Content Discussion History

Data Science is More “Human” Than You Think

Data science… that big, shiny, new field that has everyone talking.

Before entering graduate school, I didn’t know much about data science. I only knew that it was some newfangled branch of computer science, and that I wasn’t interested. Me? I wanted to work with people. I wanted to make change in the world. I wanted to use psychology (my undergraduate major). I wanted to help people and study humanity. Data science doesn’t have any of those things, I thought.

Make no mistake, data science (especially data science specific to civic work) is, and will remain, a very human field. This was solidified for me at my very first data science conference—Data Science for Social Good (DSSG) 2017—where acquaintances and peers alike listened and learned from one another to see the human side of it all.

To make a long story short, I spent the majority of my energy simply listening to all of the smart folks around me. I learned a lot and came away with a few tidbits of advice for all data newbies, who might be under the impression (like I once was) that data science is an inanimate field. It is far from it. Here are a few of the most significant things that I heard, followed by my interpretations:

“It takes a team.”

Data science is not about isolating yourself in a cubicle. Realize that you’re not getting anywhere alone, and that any data science project will need a team. The ingredients for this team do not need to be 100% data scientist. In fact, the more comprehensively knowledgeable a team is, the better.

“Hire a conscience.”

Data science requires thoughtful minds. So employ compassionate professionals who can do more than just solve data problems. Seek to hire the conscientious, the self- and socially-aware. In particular, seek those who can critically evaluate from more than one perspective.

For example, say your question is, “How can we help mitigate the negative effects of gentrification?” Social scientists, sociologists, African American studies majors, urban planners, and so on are within the feasible realm of ‘team-member’ for a sensitive question of this complexity.

“Data is not racist.”

While some might say data itself has no opinion (“data is not racist,” said one conference presenter), I would have to disagree. Perhaps, data can be racist, because data collection methods can cause bias to exist within those datasets. It is important to recognize that any person is likely to bring his or her own biases into a project.
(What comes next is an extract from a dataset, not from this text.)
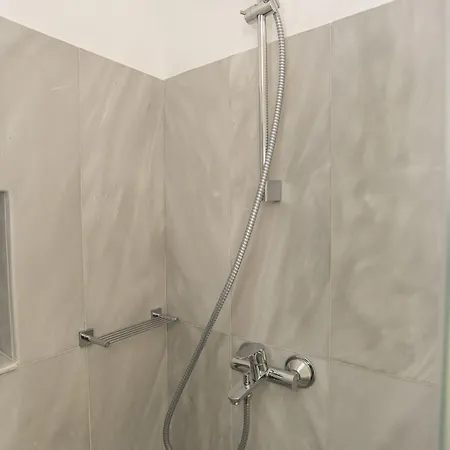 Karpimo Horizon - Caldera Sunset View - Private Hot Tub - Firostefani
This becomes a problem as we think about the potential ramifications of data science projects (real-life outcomes: city funds reallocation, resource development, time and attention).

While it is not always clear how to actively mitigate these issues (ethical and unbiased methodologies are more easily delineated than they are actually practiced), there are steps that we can take. For example, make an effort to think critically about your research questions. Have others take a second look. Do your questions make assumptions based on some unfounded opinion? Remember, research should be unassuming.

“This is about working with people, not with data.”

People = data. Perhaps the fact that information is often represented numerically causes us to forget this, but the truth remains: Data typically comes from people.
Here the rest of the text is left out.